Lockheed is on a hiring spree as it boosts production of its F-35 Lightning II fighter jet in west Fort Worth. The company plans to add about 1,800 employees by 2020 at the plant, where it employs about 14,000 people, including roughly 8,800 on the F-35 program.

At a similar event in June, the company made 601 job offers — 501 in manufacturing and 100 in areas such as engineering, supply chain and finance. Assembly line jobs pay well — most of those hired Tuesday will make $44,000 to $77,000 a year, depending on experience.

Another job fair is planned for late August or early September, Ross said.

Anyone thinking about attending that one, however, should consider this: A few hours after the doors opened Tuesday, the company was turning away some applicants for the assembly line if they didn’t have experience. People who applied online ahead of time had an edge.

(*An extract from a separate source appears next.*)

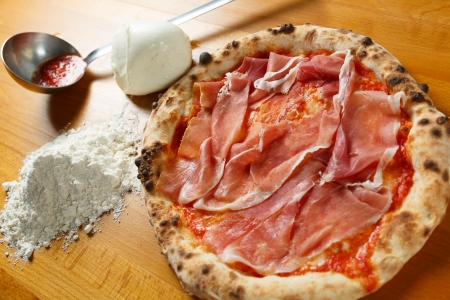 Typical Italian Pizza cooked in electric oven with ingredients in the background on a wood tableの写真素材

“It looks like they are pre-screening. No experience in aircraft? May as well go home,” Paul Black, president of the International Association of Machinists and Aerospace Workers District Lodge 776 at Lockheed, said on Tuesday morning. “If you don’t have experience, it is going to be tough because there is an experienced person squeezing them out.”

Giving back to law school

While the late Dee J. Kelly was attending George Washington University Law School in the nation’s capital in the 1950s, he was a heartbeat away from the most powerful people in the country.

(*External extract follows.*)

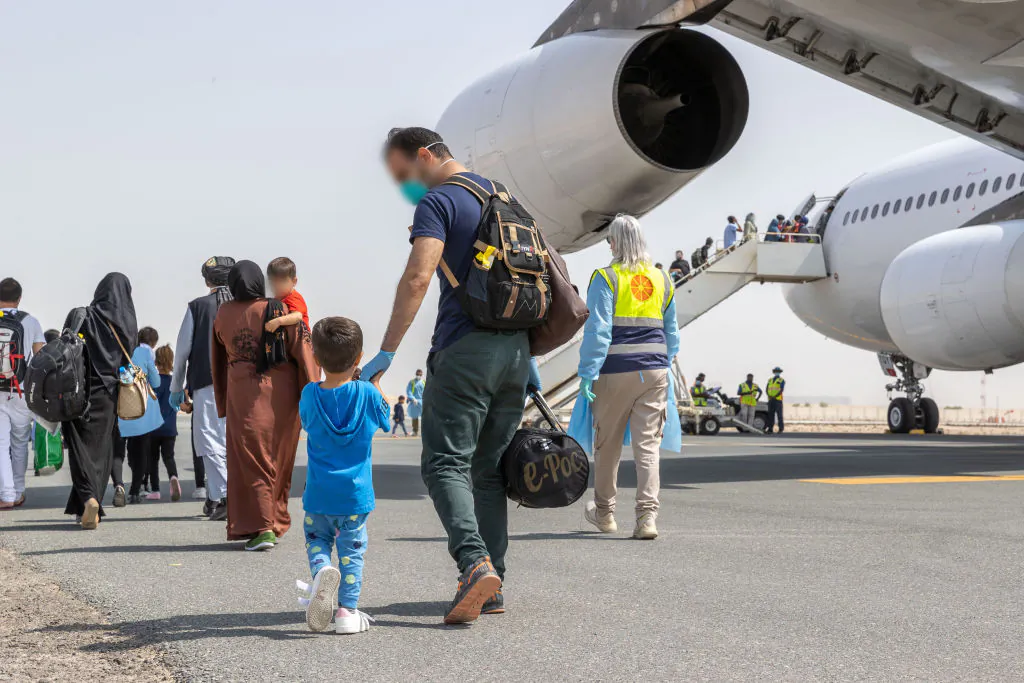 In this handout provided by the Australian Department of Defence, Afghanistan evacuees board a flight to Australia from the Australian Defence Force's main operating base in the Middle East region. (LACW Jacqueline Forrester/Australian Department of Defence via Getty Images)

Kelly clearly was at home there, but his mentor, U.S. House Speaker Sam Rayburn, persuaded Kelly to return to Fort Worth instead. Eventually, he built one of the largest and most influential law firms in town. Still, the lessons learned in law school were never far away for Kelly.

So it came as no surprise when George Washington University announced Monday that the Dee J. Kelly Foundation is giving the school $1.25 million and that the university will rename its Law School Learning Center after him. The contribution was made as part of the university’s $1 billion fundraising campaign.

George Washington University President Steven Knapp said the generous gift will benefit the law school’s faculty and students for generations to come while creating a “living legacy for a great man who was also one of our most distinguished alumni.”

“Naming the LLC is a way to honor the life of my dad and the experience he had at GW Law. This will keep his name connected to the law school for a long time and that’s what he would have wanted. He loved GW Law and Washington, D.C.,” said Dee Kelly Jr., a partner at Kelly Hart & Hallman, the law firm his father helped build, in a prepared statement.

Kelly became known as a power broker and kingmaker in Fort Worth before his death in 2015. Born during the Depression in the small town of Bonham, Kelly eventually built a client roster that included the Bass family and the Moncriefs, John Justin and American Airlines.

Before attending law school, Kelly graduated from Texas Christian University, where he was named a distinguished alumni and served on its board for 32 years. TCU later named its alumni center after Kelly.

The law library at the Texas A&M School of Law in Fort Worth also is named after him.